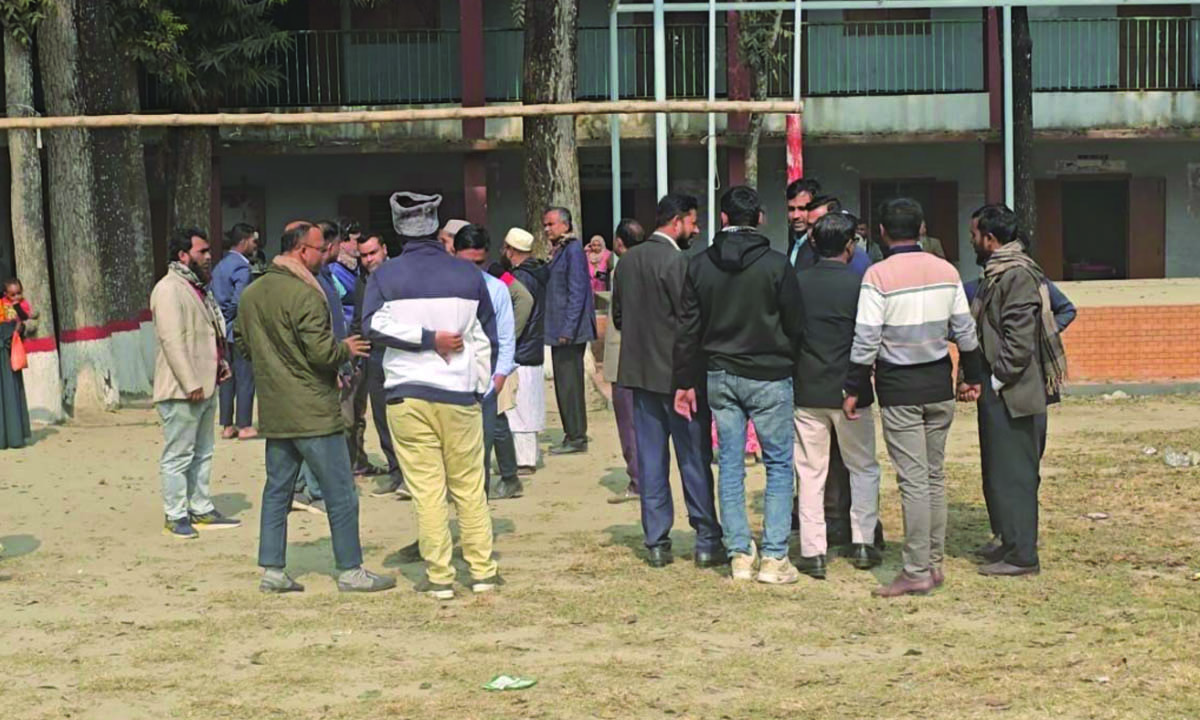 শিক্ষকের ওপর  হামলার প্রতিবাদে ক্লাস বর্জন করে প্রতিবাদ জানিয়েছেন অন্যান্য শিক্ষকরা। ছবি : রূপালী বাংলাদেশ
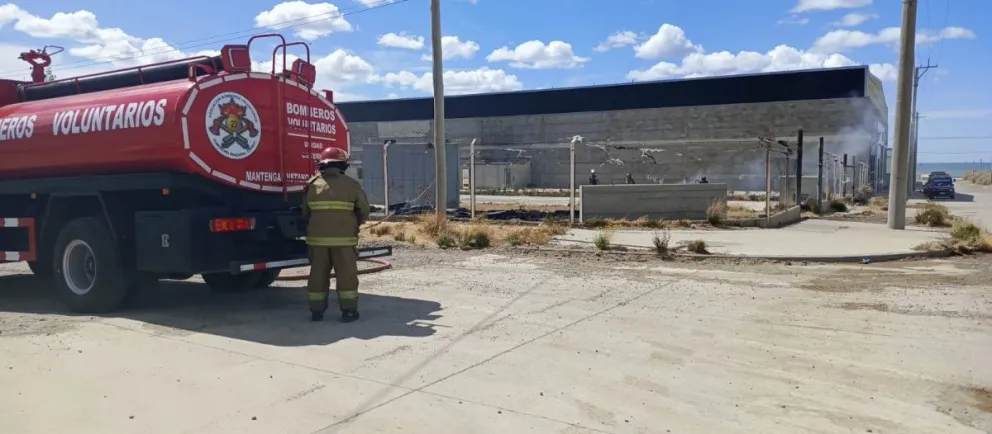 Incendio de cubiertas en el barrio Industrial movilizó a Bomberos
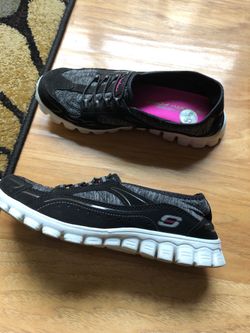 New sketchers women’s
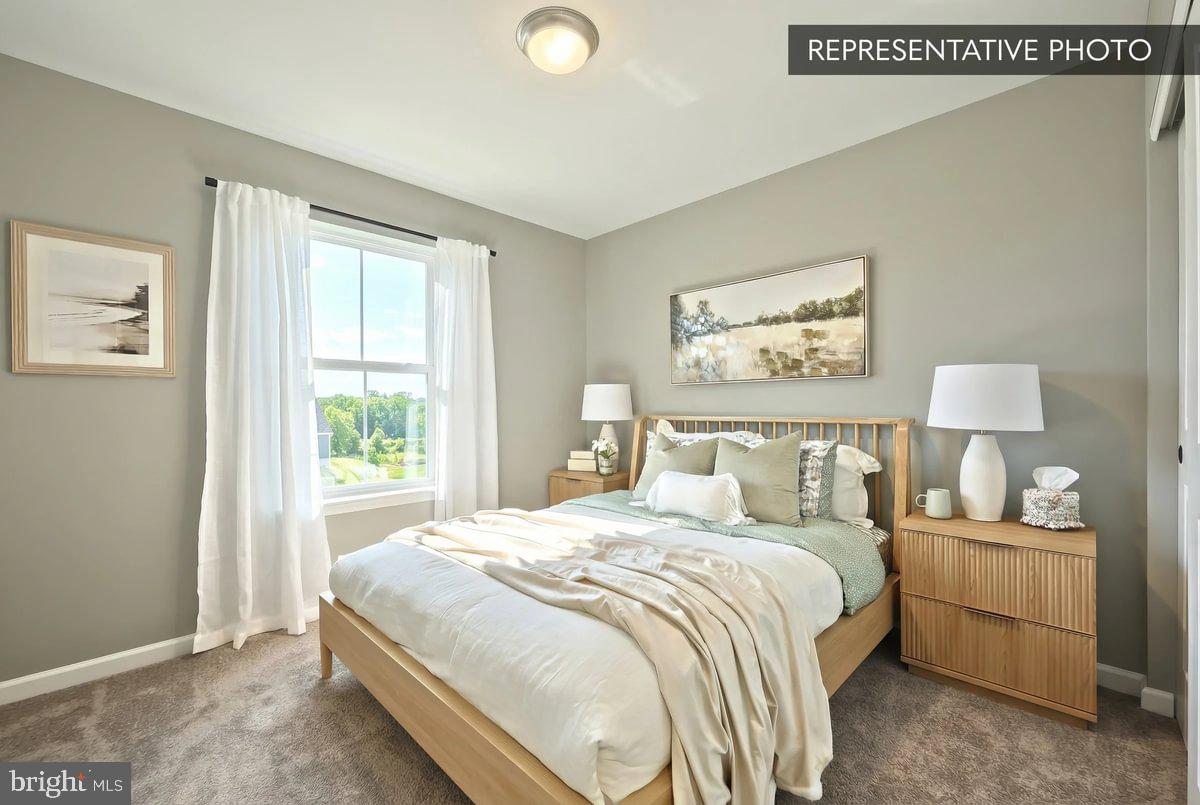 ELIZABETH VILLAGE - Residential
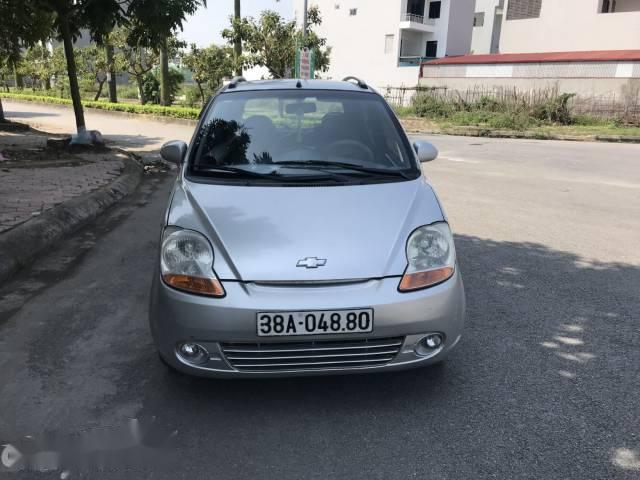 Bán xe Chevrolet Spark đời 2009, màu bạc như mới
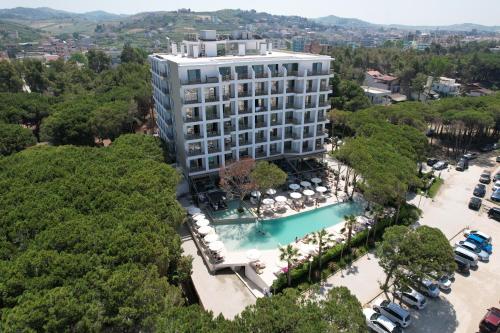 Bazén v ubytování Fllad Resort & SPA Durres nebo v jeho okolí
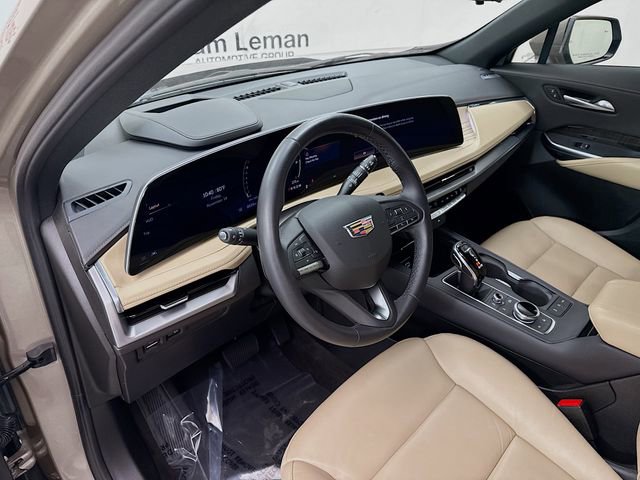 Used 2024 Cadillac XT4 Premium Luxury w/ Technology Package image 10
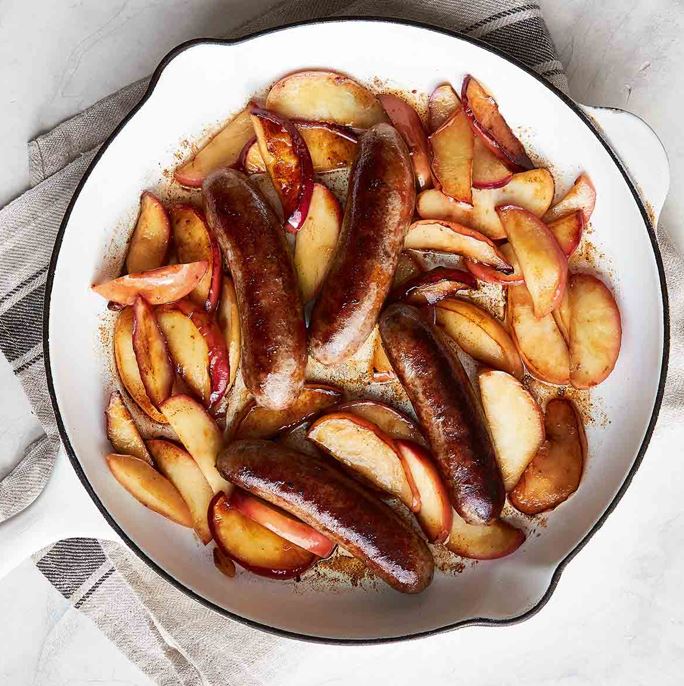 SALCHICHAS PROVENZALES CON MANZANAS Y PAPAS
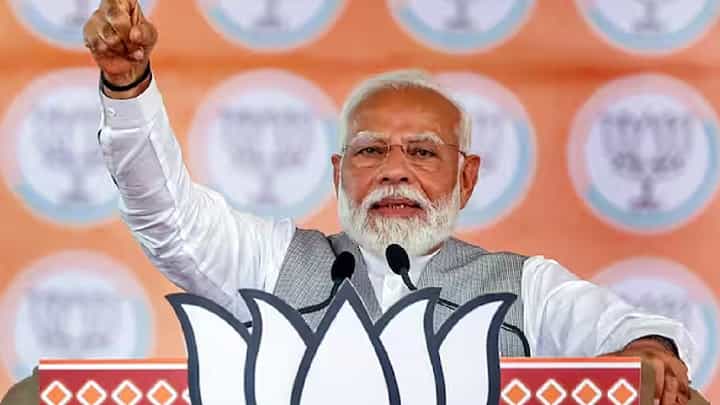 'शिवतीर्था'वरून नरेंद्र मोदींचं शरद पवारांना एकच चॅलेंज, म्हणाले; तुम्ही राहुल गांधींना.... 'शिवतीर्था'वरून नरेंद्र मोदींचं शरद पवारांना एकच चॅलेंज, म्हणाले; तुम्ही राहुल गांधींना....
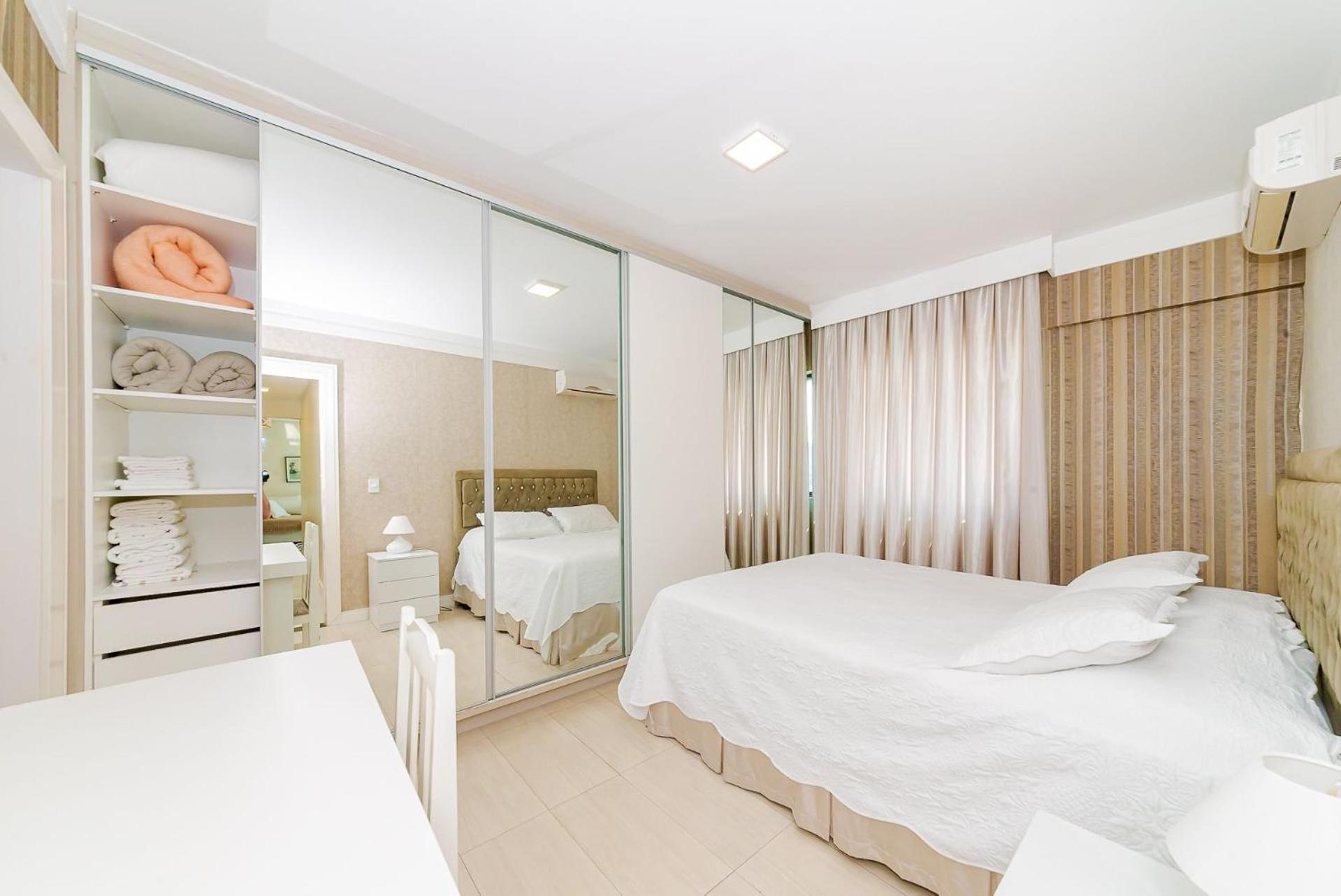 3 Linda Vista Da Orla De Bc A 50m Da - Somente Familiares Apartment Balneario Camboriu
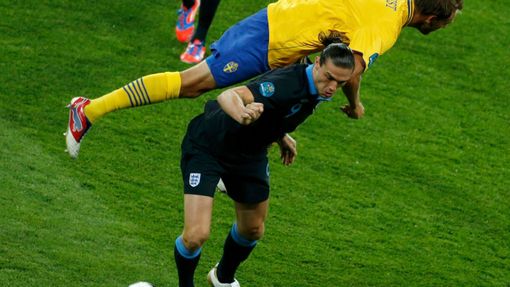 Švédský fotbalista Andreas Granqvist letí přes záda Angličana Theo Walcotta v utkání skupiny D na Euru 2012.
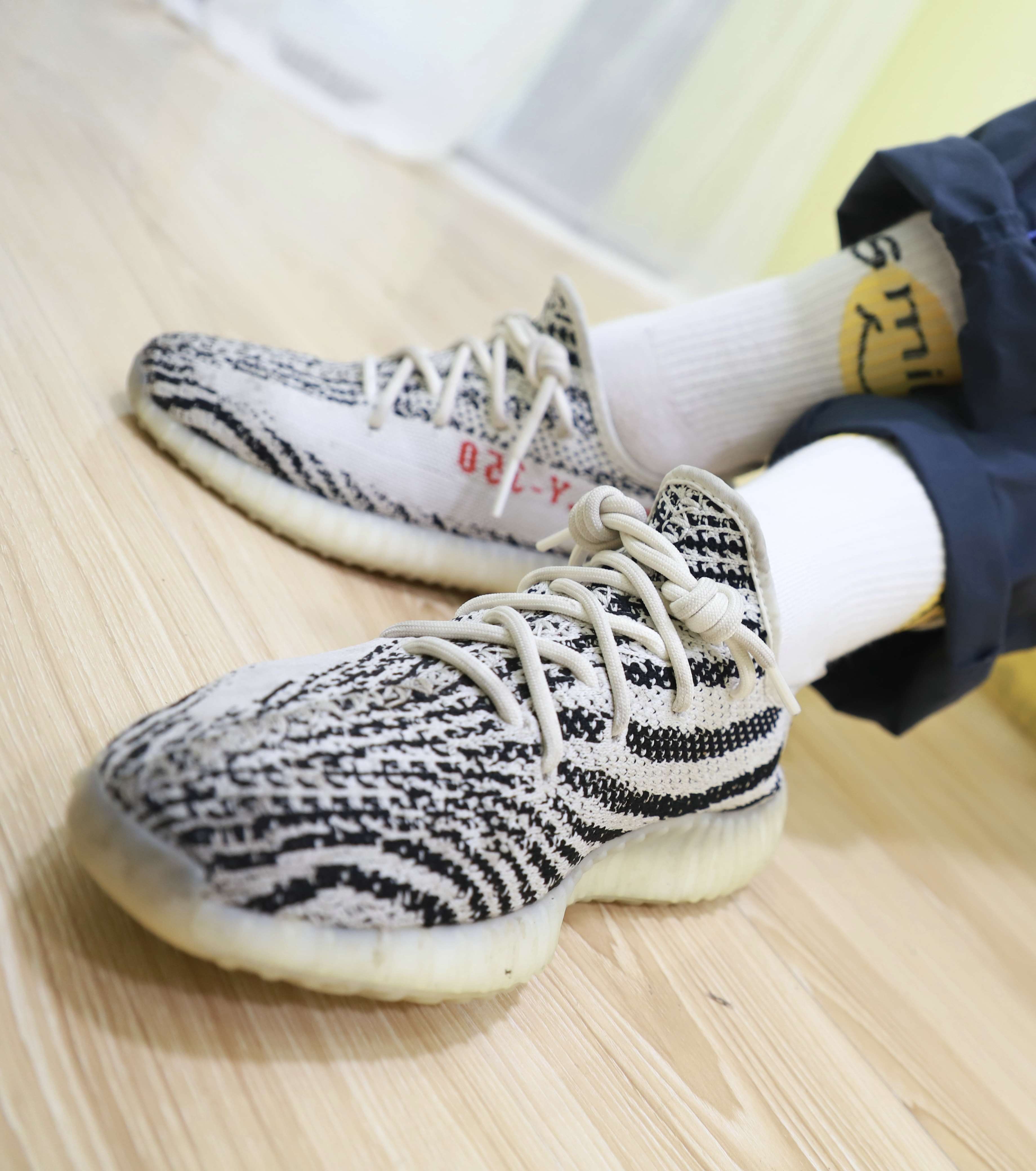 《清纯眼镜学妹》作品图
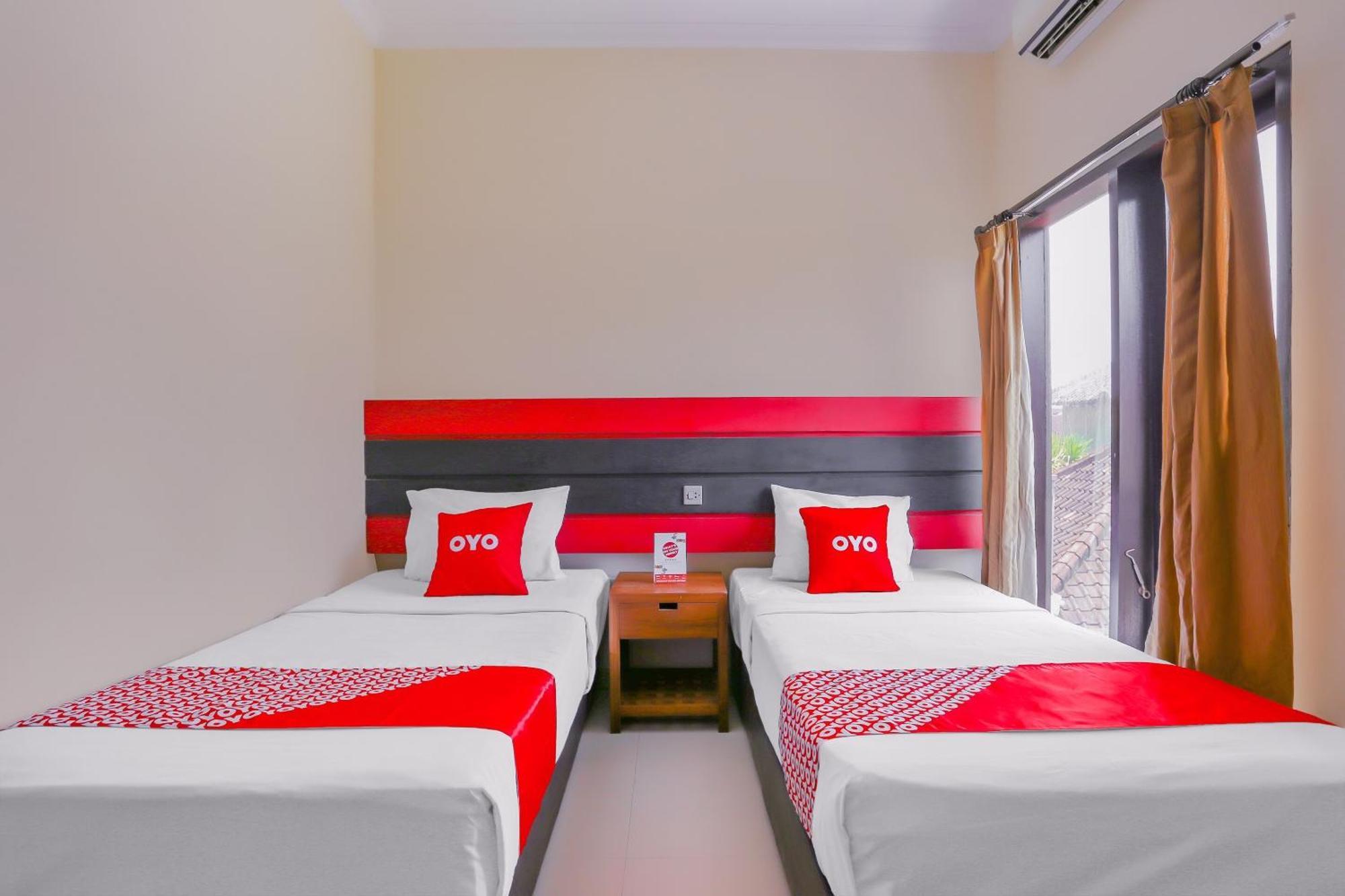 Oyo 4012 Ari Beach Inn Kuta  Luaran gambar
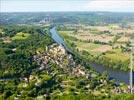 Photos aériennes de "Village" - Photo réf. E153151 - Village pittoresque long par la Dordogne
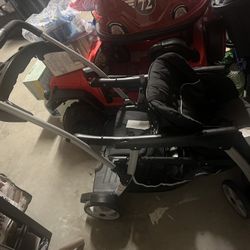 Graco Double Stroller With Toddler Stand 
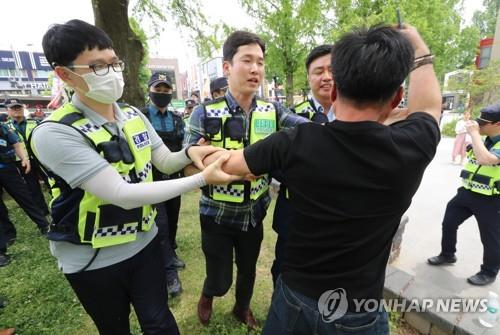 극우단체 집회에 항의하는 광주시민[연합뉴스 자료사진]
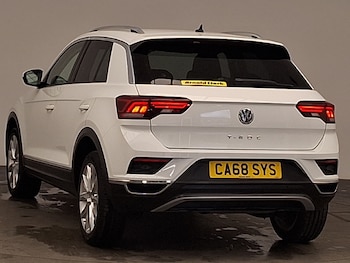 Used Volkswagen T-Roc 2018 for sale - 76187721: Photo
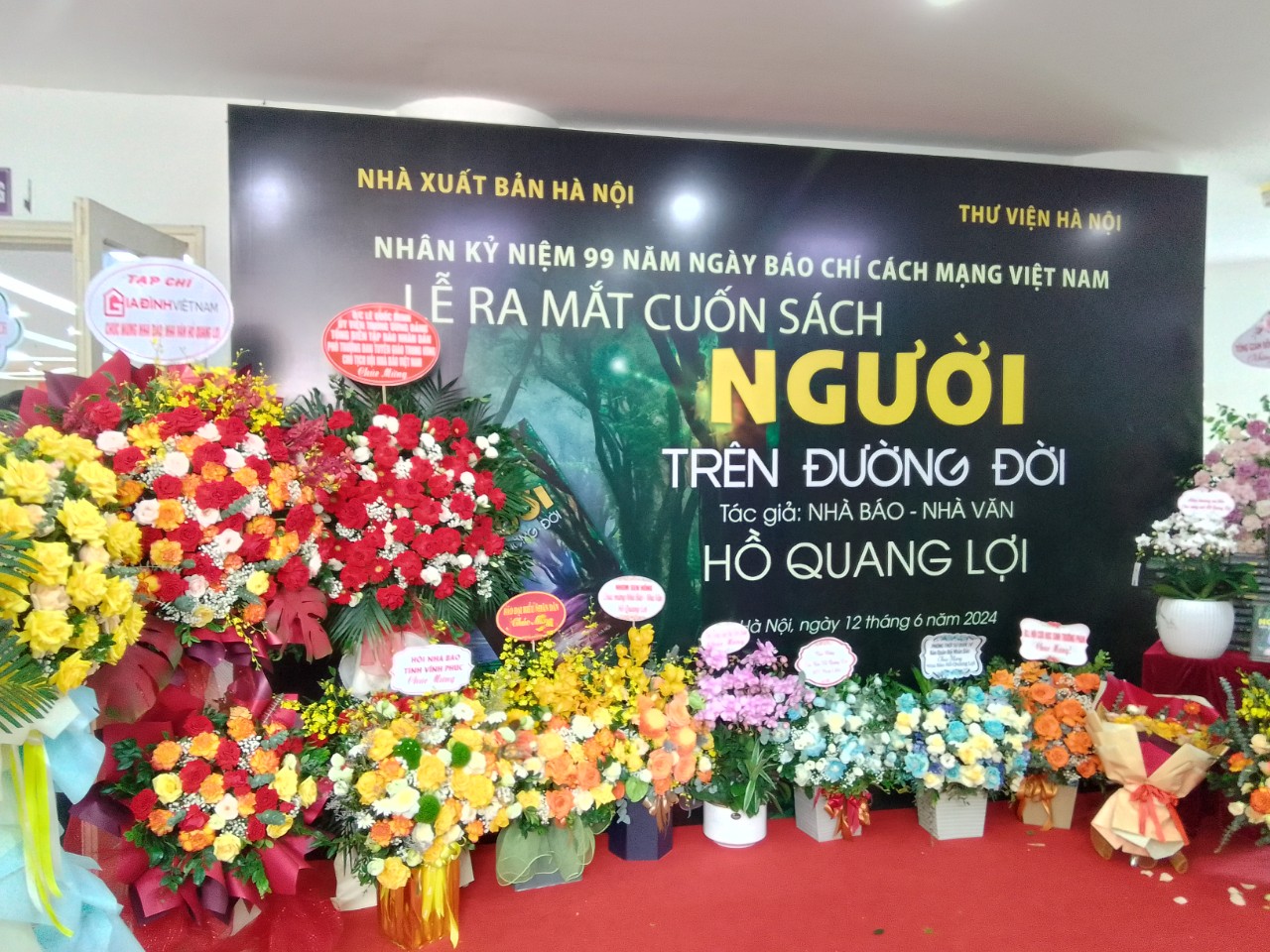 Ra mắt cuốn sách “Người trên đường đời” của nhà báo, nhà văn Hồ Quang Lợi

Your objective »
The task requires the full listing to be given again verbatim, without its pictures.

Reply to the exercise »
 শিক্ষকের ওপর  হামলার প্রতিবাদে ক্লাস বর্জন করে প্রতিবাদ জানিয়েছেন অন্যান্য শিক্ষকরা। ছবি : রূপালী বাংলাদেশ
 Incendio de cubiertas en el barrio Industrial movilizó a Bomberos
 New sketchers women’s
 ELIZABETH VILLAGE - Residential
 Bán xe Chevrolet Spark đời 2009, màu bạc như mới
 Bazén v ubytování Fllad Resort & SPA Durres nebo v jeho okolí
 Used 2024 Cadillac XT4 Premium Luxury w/ Technology Package image 10
 SALCHICHAS PROVENZALES CON MANZANAS Y PAPAS
 'शिवतीर्था'वरून नरेंद्र मोदींचं शरद पवारांना एकच चॅलेंज, म्हणाले; तुम्ही राहुल गांधींना.... 'शिवतीर्था'वरून नरेंद्र मोदींचं शरद पवारांना एकच चॅलेंज, म्हणाले; तुम्ही राहुल गांधींना....
 3 Linda Vista Da Orla De Bc A 50m Da - Somente Familiares Apartment Balneario Camboriu
 Švédský fotbalista Andreas Granqvist letí přes záda Angličana Theo Walcotta v utkání skupiny D na Euru 2012.
 《清纯眼镜学妹》作品图
 Oyo 4012 Ari Beach Inn Kuta  Luaran gambar
 Photos aériennes de "Village" - Photo réf. E153151 - Village pittoresque long par la Dordogne
 Graco Double Stroller With Toddler Stand 
 극우단체 집회에 항의하는 광주시민[연합뉴스 자료사진]
 Used Volkswagen T-Roc 2018 for sale - 76187721: Photo
 Ra mắt cuốn sách “Người trên đường đời” của nhà báo, nhà văn Hồ Quang Lợi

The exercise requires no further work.